Ethicus en filosoof Lieke van der Scheer vermoedt hier een denkfout: “De veronderstelling is dat patiënten alleen zorg kunnen krijgen die door de verzekering wordt vergoed. Het lijkt een redenering die hoort bij het oude ziekenfondsstelsel, waar veel (para)medische zorg voor mensen met een inkomen onder een bepaalde grens geheel en in natura werd betaald. Dat systeem is door de overheid verruild door gereguleerde marktwerking, een sturingsmiddel om solidariteit, toegankelijkheid, kwaliteit en betaalbaarheid van de zorg te beschermen.
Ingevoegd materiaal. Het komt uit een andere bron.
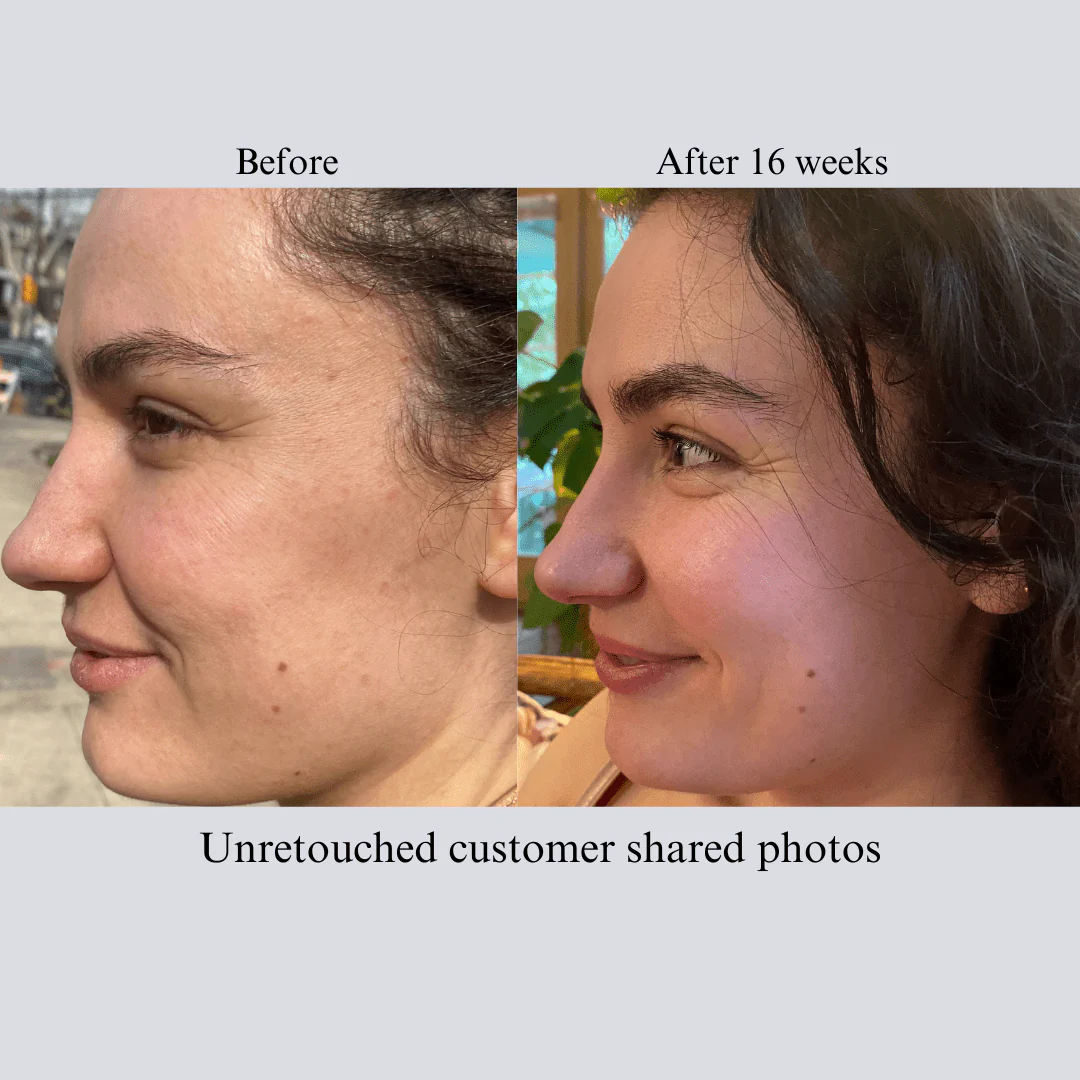 Hyaluron 3D Hydrator Multi Lamellar Emulsion The Advanced Response Face and Neck Cream-Serum with Matrixyl 3000 and Argireline Amplified - Image 4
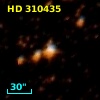 HD 310435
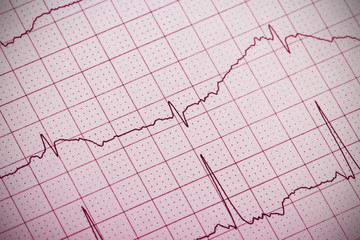 Ecg graph, electrocardiogram ecg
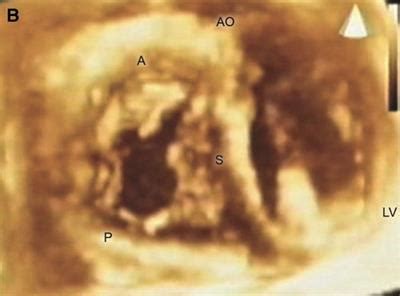 Frontiers | Three-dimensional echocardiography of the tricuspid valve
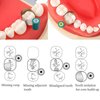Windplusya Dental Double-Side Contoured Anatomically Shaped Matrix Bands, Adjustable Dental Matrices Matrix Bands, 0.03/0.038mm Knob Type Matrix (Yellow, 5mm)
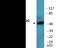 Myocyte Enhancer Factor 2C antibody, EKC2618, Boster Biological Technology, Western Blot image 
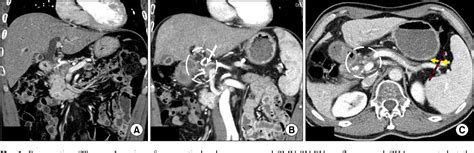 Figure 1 From Pancreaticoduodenectomy With Combined Hepatic Artery And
Niet iedereen gelooft dat het een juist sturingsmiddel is, maar het is wel de actuele realiteit die ook zijn weerslag moet vinden in de spreekkamer.

Alle drie de hoofdrolspelers – zorgvragers, zorgverzekeraar en zorgaanbieders – hebben nieuwe verantwoordelijkheden. Zorgverzekeraars onderscheiden zich door de zorg die ze buiten het basispakket vergoeden. Burgers hebben de vrijheid een zorgverzekeraar en (straks afhankelijk van de polis) een zorgverlener te kiezen. Ook in de spreekkamer van de logopedist speelt de stelselwijziging door, maar mijns inziens op een andere manier dan in bovenstaande inleiding wordt gesuggereerd.

De eerste vraag voor de zorgverlener is namelijk niet welke zorg door de zorgverzekeraar wordt vergoed, maar: welke zorg heeft deze patiënt nodig? Vervolgens speelt de vraag: wat kost dat en wie betaalt dat? Daarover moet het gesprek van de logopedist met de patiënt gaan. Als blijkt dat de zorgverzekeraar die deze patiënt heeft gekozen, de noodzakelijke behandeling niet voor 100 procent vergoedt dan is de vraag aan de patiënt of hij de rest zelf kan en wil betalen. Per 1 januari van het volgende jaar kan de patiënt eventueel een andere zorgverzekeraar kiezen, die de benodigde zorg wel vergoedt. Tot die tijd kunnen logopedist en patiënt overleggen wat er mogelijk is zolang de patiënt zelf moet bijdragen.

De logopedist moet zich echter realiseren dat ook hij strijdt om de gunst van de zorgvragers. Die zal hij winnen als hij kwaliteit levert en niet al te duur is. De NZa geeft immers maximumprijzen aan, geen minimum.”